MRIs pinpoint time of stroke
Prompt scans could render more patients eligible for clot-busting therapy
By Nathan Seppa
MRI scans of stroke patients can indicate when the stroke occurred, a revelation that could allow more aggressive treatment to limit brain damage, French researchers report online November 2 in Radiology.
For a person arriving at a hospital with a stroke, the clock is ticking. When a clot obstructs an artery in the brain, millions of neurons are lost with each passing minute as tissue is starved of blood and oxygen. A clot-busting drug called tPA, or tissue plasminogen activator, can often dissolve the clot and free up the vessel. But the drug is generally considered safe to administer only in the first three to 4½ hours after a stroke begins (SN: 10/25/08, p. 16).
Stoke patients typically get a CT scan, which enables doctors to discern whether the stroke results from a blood clot or, less commonly, from a hemorrhage, which shows up as a dark mass on the CT, says neurologist Andrew Barreto of the University of Texas Medical School at Houston. MRI, or magnetic resonance imaging, is used much less often and usually only at large medical centers.
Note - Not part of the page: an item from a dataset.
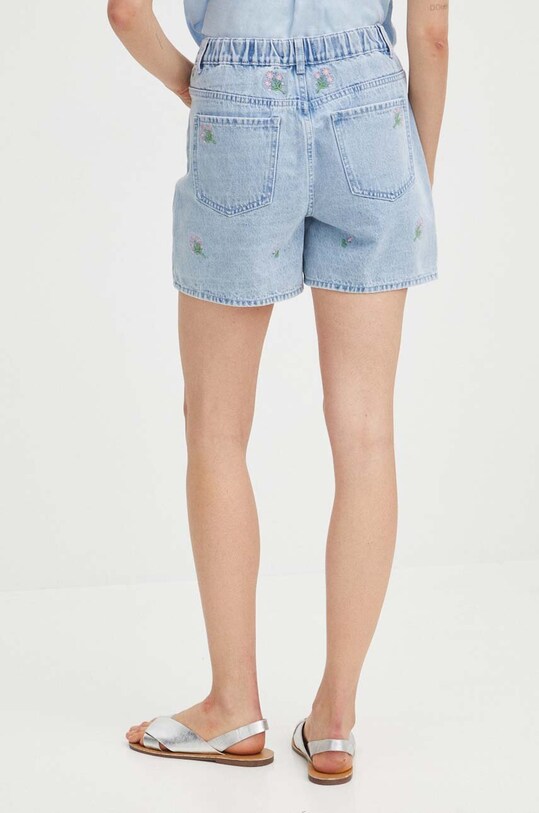 Odzież Szorty jeansowe damskie mom fit z ozdobnym haftem kolor niebieski RS24.SZDA03 niebieski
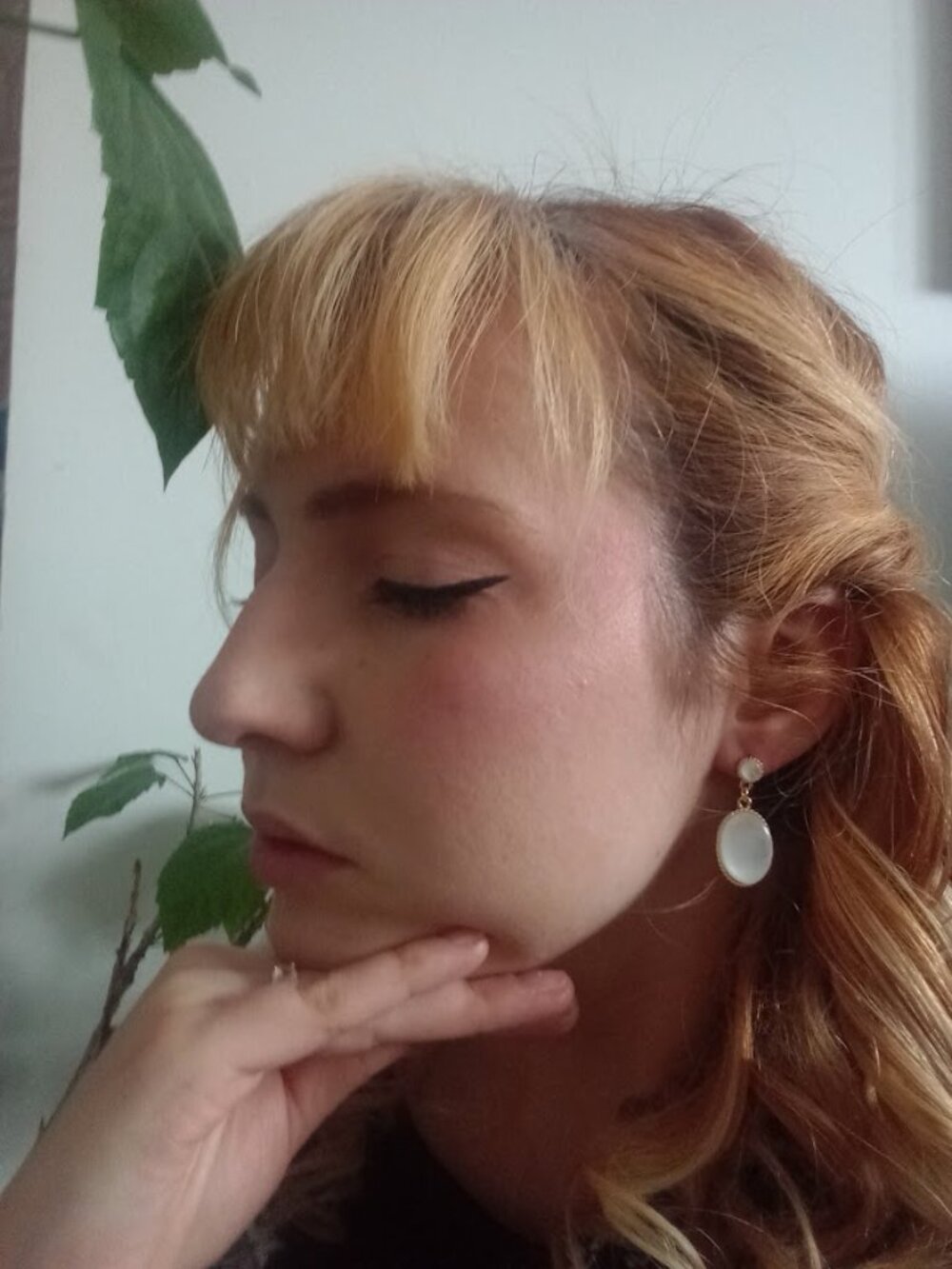 [2 For 1]Gold-Tone Clear Oval Drop Earrings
Unfortunately, a CT scan cannot pinpoint when a stroke began. Neither can many patients, either because they can’t recall exactly when their symptoms first appeared or because they woke up already in the throes of a stroke. In such cases, doctors “guesstimate” the stroke’s onset, Barreto says, but hesitate to give tPA if too many hours might have passed. Giving tPA too late won’t help tissue that’s already dead and risks causing a brain bleed. After the tPA window closes there is little doctors can do but monitor the patient.
MRI offers a more precise look into the brain of a stroke patient than a CT scan. In the new study, physicians Catherine Oppenheim and Mina Petkova of the University of Paris Descartes examined MRIs of 130 patients, average age 65, who had been admitted to Sainte-Anne Hospital in Paris from May 2006 to October 2008 with clot-based strokes that had documented onset times. About half had undergone an MRI within three hours of onset, while the others were imaged three to 12 hours after stroke symptoms started.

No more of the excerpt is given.